Crawled caption data
——

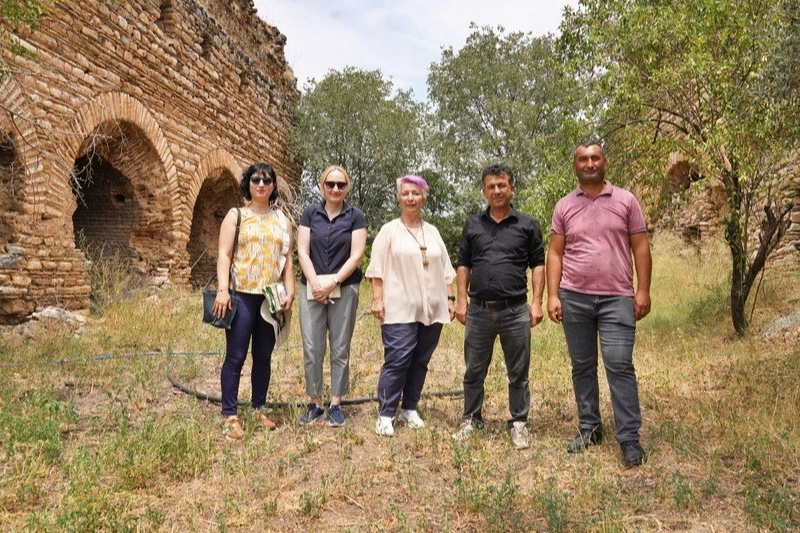İzmir’in köyleri korunarak kalkınacak haberinin görseli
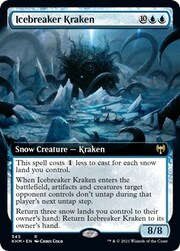 Kraken Spaccaghiaccio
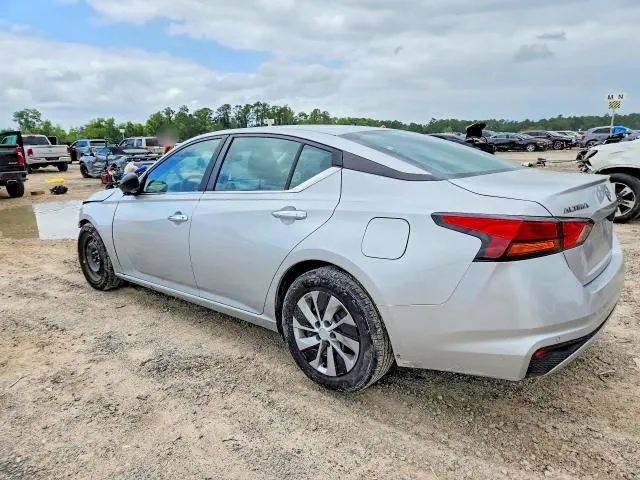 2024 NISSAN ALTIMA S  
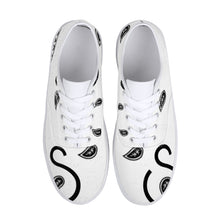 Load image into Gallery viewer, Superhero Society OG Classic White Skate Shoe
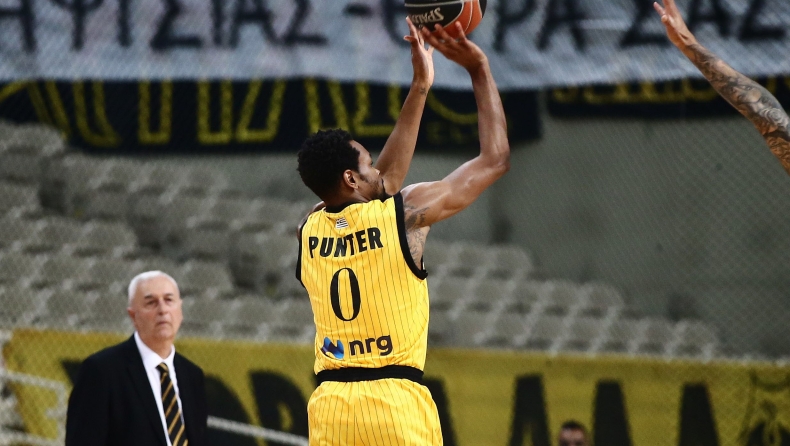 Σάκοτα για Πάντερ: «Από τους πιο αγαπημένους μου παίκτες»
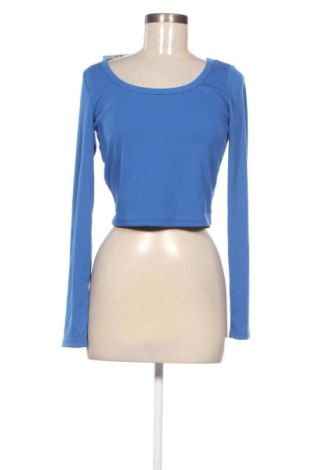 Дамска блуза Unbranded, Размер S, Цвят Син, Цена 10,22 €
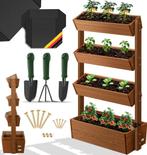 KESSER® Verticale Plantenbakken - Kweekbak - Plantenbak - Br, Tuin en Terras, Verzenden, Nieuw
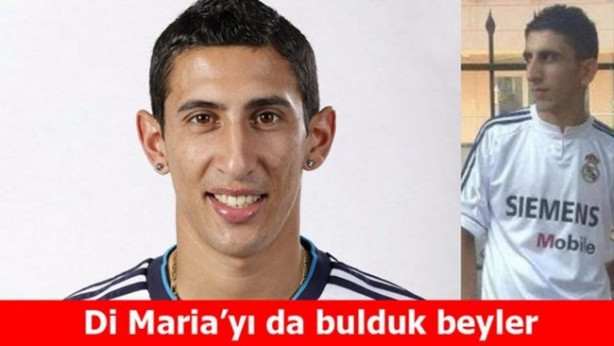 Foto - Yıldız futbolcuların benzerleri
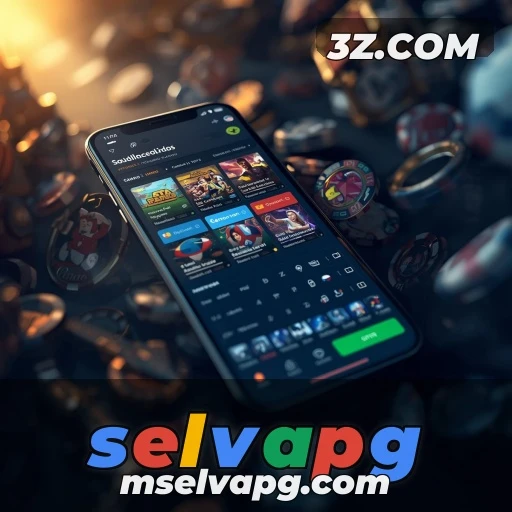 Esporte em Foco: A Revolução do Selvapg nos Games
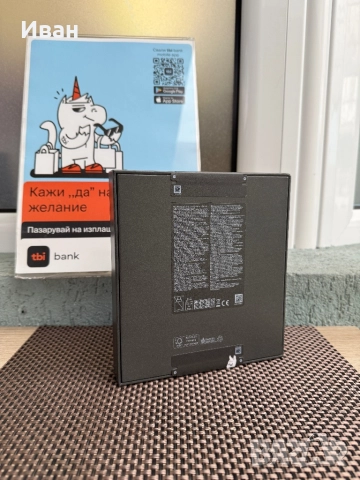 НОВ!97лв/м Samsung Z fold 7 Jet Black 256GB самсунг, снимка 2 - Apple iPhone - 51973068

——

For the records above, give every line again exactly and skip the pictures.

İzmir’in köyleri korunarak kalkınacak haberinin görseli
 Kraken Spaccaghiaccio
 2024 NISSAN ALTIMA S  
 Load image into Gallery viewer, Superhero Society OG Classic White Skate Shoe
 Σάκοτα για Πάντερ: «Από τους πιο αγαπημένους μου παίκτες»
 Дамска блуза Unbranded, Размер S, Цвят Син, Цена 10,22 €
 KESSER® Verticale Plantenbakken - Kweekbak - Plantenbak - Br, Tuin en Terras, Verzenden, Nieuw
 Foto - Yıldız futbolcuların benzerleri
 Esporte em Foco: A Revolução do Selvapg nos Games
 НОВ!97лв/м Samsung Z fold 7 Jet Black 256GB самсунг, снимка 2 - Apple iPhone - 51973068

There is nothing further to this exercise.